The quartz crystals (citrines, smoke, clear) were collected from Zhelannoye deposit, Subpolar Urals. The double polished sections parallel to (0001) were prepared. We measured unpolarized infrared spectra in the 5500-2000 cm-1 region, using a MultiScope Perkin Elmer FTIR microscope equipped with a MCT detector under the condition of 4 cm-1 resolution at room temperature. All spectra were co-added 128 scans. The measured area was restricted by the 50x50 μm2 square aperture for each spot. Spots were measured along profile line in 1 millimeter.
The absorbance spectra were normalized by thickness of sample. Curve-fitting analysis was carried out by using PeakFit for Windows software. Overlapping absorption bands in each spectrum were resolved into 9 bands, which include Al-OH bands at 3315 cm-1, 3378 cm-1 and 3432 cm-1, Al-O(Li) bands at 3403 cm-1, 3440 cm-1, 3482 cm-1 and 3512 cm-1, and an Si-O bands at 3200 cm-1 and 3300 cm-1 [1]. A Lorentzian function was used as a model of OH bands and Gaussian function for Si-O bands. The basic relationship between IR intensity and concentration was given using Beer-Lambert law. The equation was used [2]:
CH = A·∆, (1)
CH – the H amount in 106 Si; A – the calibration factor; ∆ – the integrated absorbance under the OH band, normalized by the sample thickness. The hydrogen amount was converted in weight-part concentration OH groups.
The zonal structure in weakly colored citrine crystals using binocular microscope was established (fig.).
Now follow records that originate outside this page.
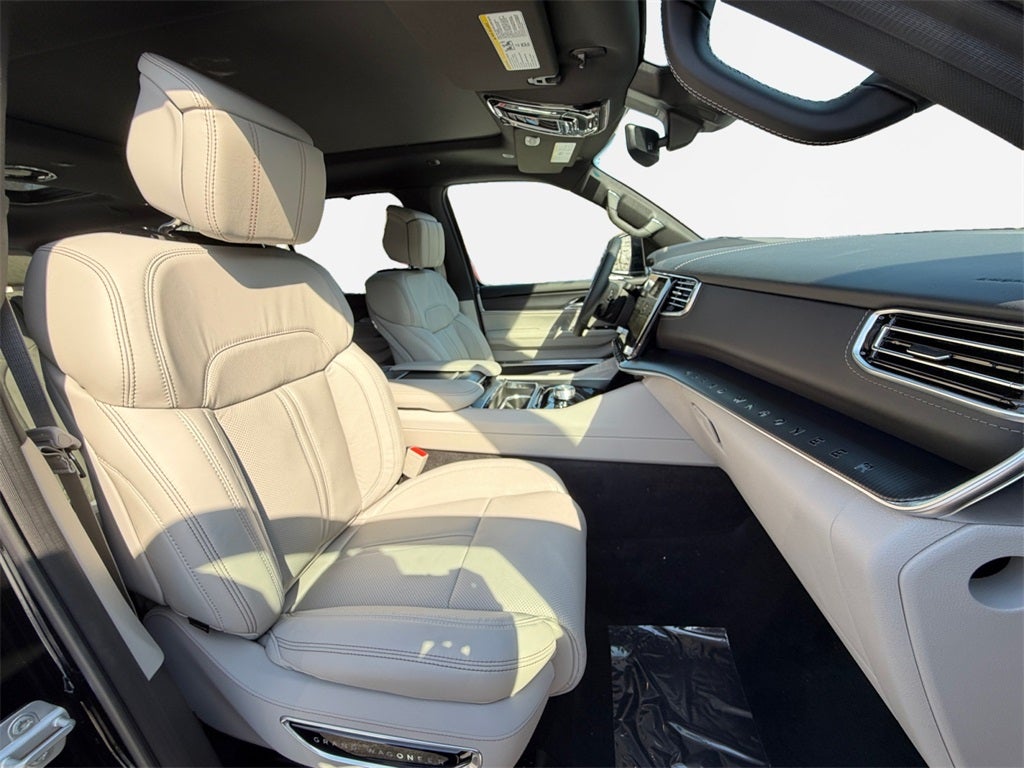 2026 Jeep Grand Wagoneer Base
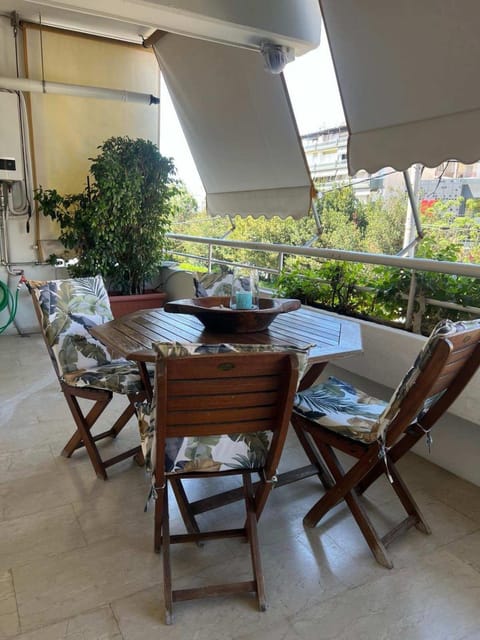Your Ideal Retreat in the Heart of Kallithea Apartment in Kallithea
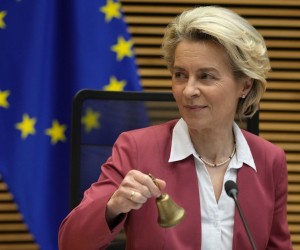 epa09737643 European Commission President Ursula von der Leyen rings a bell to signal the start of a meeting of the College of Commissioners at EU headquarters in Brussels, Belgium, 08 February 2022. The European Union is to publish proposals for its European Chips Act on 08 February.  EPA/VIRGINIA MAYO / POOL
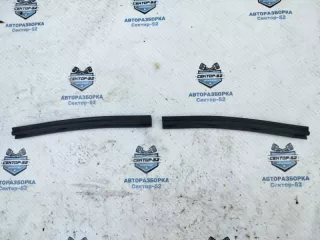 1T0823707F Уплотнитель капота Volkswagen Caddy 1 Арт 2-598743, вид 1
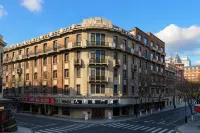 天津第一飯店（小白樓五大道旅遊區店） 河東體育場羽毛球館附近的飯店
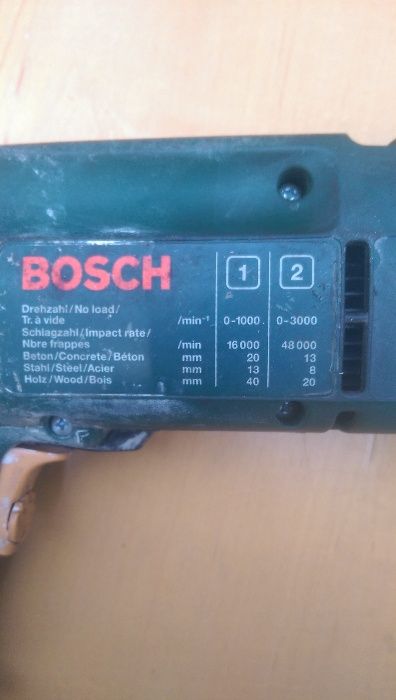 Masina de gaurit cu percutie Bosch PSB 680 2RE 680 W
The shadows of the Brazilian growth twins at crystal rim and sericite powder at the upper faces were described. It is supposed, the growth twins and sericite powder were formed as a result of the imposed mechanical strains. The zoning profile was revealed, that the content of Al-O (Li) groups in the crystal rim is less, than in the core part. It is possible to assume, that during the rim crystallization the conditions accompanied with the Li depletion in hydrothermal fluids were changed. Also smoky quartz crystals from this deposit were studied. Similar shadow zone wasn’t observed there and OH-groups location is uniformly from core to rim.
Thus, IR microspectrometry method allows to reveal OH-groups location in different quartz crystal zones and determinate a change the mineral-forming condition changing.
All spectra measurements were executed at “Geoanalyst” Centre in the Institute of Geology and Geochemistry, Urals Branch of Russian Academy of Science. This work is supported by FTP “Scientific and scientific-pedagogical personnel of innovative Russia” (GC № 14.740.11.1212 of 14.06.2011).
Fig. The zoning profile of concentration Al-OH and Al-O(Li) groups in citrine.
References:
1. Kats A. (1962) Hydrogen in Alpha-quartz. Philips Research Reports, 17 201-279.